Denying Nordstrom’s motion to dismiss, the court first determined that an e-mail address constitutes “personal identification information” under the Song-Beverly Act, § 1747.08(b). Facing a matter of first impression, U.S. District Court Judge Morrison C. England relied upon the reasoning in the 2011 California Supreme Court decision in Pineda v. Williams-Sonoma. In that case, the state’s highest court ruled that Zip codes are considered “personal identification information” under the statute, and therefore retailers may not request and record the data.

Consistent with the “protective purpose of the statute,” Judge England said a finding that an e-mail address falls under the statute “follows directly from the supreme court’s reasoning and analysis in Pineda.”

Nordstrom’s contention that an e-mail address is distinguishable from a Zip code because it can easily be changed and consumers may have multiple e-mail addresses did not sway the court.

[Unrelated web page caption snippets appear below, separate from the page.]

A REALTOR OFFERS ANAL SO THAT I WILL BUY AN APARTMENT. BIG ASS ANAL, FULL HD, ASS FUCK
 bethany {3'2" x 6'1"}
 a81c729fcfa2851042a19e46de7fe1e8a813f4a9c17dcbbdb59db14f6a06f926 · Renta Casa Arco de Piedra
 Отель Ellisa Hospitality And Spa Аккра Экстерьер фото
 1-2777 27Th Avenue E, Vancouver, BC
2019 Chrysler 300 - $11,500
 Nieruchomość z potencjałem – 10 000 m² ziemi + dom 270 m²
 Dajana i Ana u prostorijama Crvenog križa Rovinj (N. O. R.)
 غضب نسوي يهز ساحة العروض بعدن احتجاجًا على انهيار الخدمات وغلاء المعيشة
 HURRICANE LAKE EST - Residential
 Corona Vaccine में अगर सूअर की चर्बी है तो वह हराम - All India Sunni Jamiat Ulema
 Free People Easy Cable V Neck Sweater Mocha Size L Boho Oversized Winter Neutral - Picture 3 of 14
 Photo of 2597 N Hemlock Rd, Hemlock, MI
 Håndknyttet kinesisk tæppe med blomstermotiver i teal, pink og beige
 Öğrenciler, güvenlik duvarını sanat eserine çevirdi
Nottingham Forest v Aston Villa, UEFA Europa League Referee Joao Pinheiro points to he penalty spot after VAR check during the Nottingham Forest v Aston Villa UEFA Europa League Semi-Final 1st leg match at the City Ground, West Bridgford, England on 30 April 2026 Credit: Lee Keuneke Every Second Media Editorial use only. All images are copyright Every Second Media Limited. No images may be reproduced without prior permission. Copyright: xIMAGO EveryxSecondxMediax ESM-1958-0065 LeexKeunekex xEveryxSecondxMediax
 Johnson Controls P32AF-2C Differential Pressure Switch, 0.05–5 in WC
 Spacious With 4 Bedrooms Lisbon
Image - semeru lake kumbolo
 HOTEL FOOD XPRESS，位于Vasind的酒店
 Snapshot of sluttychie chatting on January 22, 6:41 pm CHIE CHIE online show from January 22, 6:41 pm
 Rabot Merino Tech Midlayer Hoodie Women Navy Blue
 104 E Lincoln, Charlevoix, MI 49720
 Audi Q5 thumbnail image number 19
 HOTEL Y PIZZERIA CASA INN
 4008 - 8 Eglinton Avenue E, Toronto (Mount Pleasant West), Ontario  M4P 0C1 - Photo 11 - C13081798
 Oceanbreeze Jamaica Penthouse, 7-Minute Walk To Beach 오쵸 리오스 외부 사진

An e-mail address “‘pertain[s] to or regards a cardholder’ in a more specific and personal way than does a Zip code,” Judge England wrote. “Instead of referring to the general area in which a cardholder lives or works, a cardholder’s e-mail address permits direct contact and implicates the privacy interests of a cardholder.” Interpreting the statute more narrowly to exclude e-mail addresses would allow retailers an end run around the “clear purpose” of the statute, he added.

Judge England also sided with the plaintiff on the issue of federal preemption. Although CAN-SPAM contains an express preemption provision, it also includes a savings clause exempting state law not specific to electronic mail. California’s Song-Beverly is not focused on either the content of e-mail messages or the manner in which they are sent, the court said.

Recognizing e-mail messages under the statute “will most likely have the effect of furthering the purpose of CAN-SPAM,” as the number of messages sent by companies will likely be reduced as a result, Judge England noted. California’s law “will not ‘stand[] as an obstacle to the accomplishment and execution of the full purposes and objectives of Congress.’”

To read the order in Capp v. Nordstrom, click here.

Why it matters: In the wake of the California Supreme Court’s Pineda decision, retailers faced a wave of class-action suits for requesting customers’ Zip codes at checkout. The Capp decision, determining that the Song-Beverly consumer protections extend to an e-mail address, provides new fodder for plaintiffs’ counsel.

DISCLAIMER: Because of the generality of this update, the information provided herein may not be applicable in all situations and should not be acted upon without specific legal advice based on particular situations.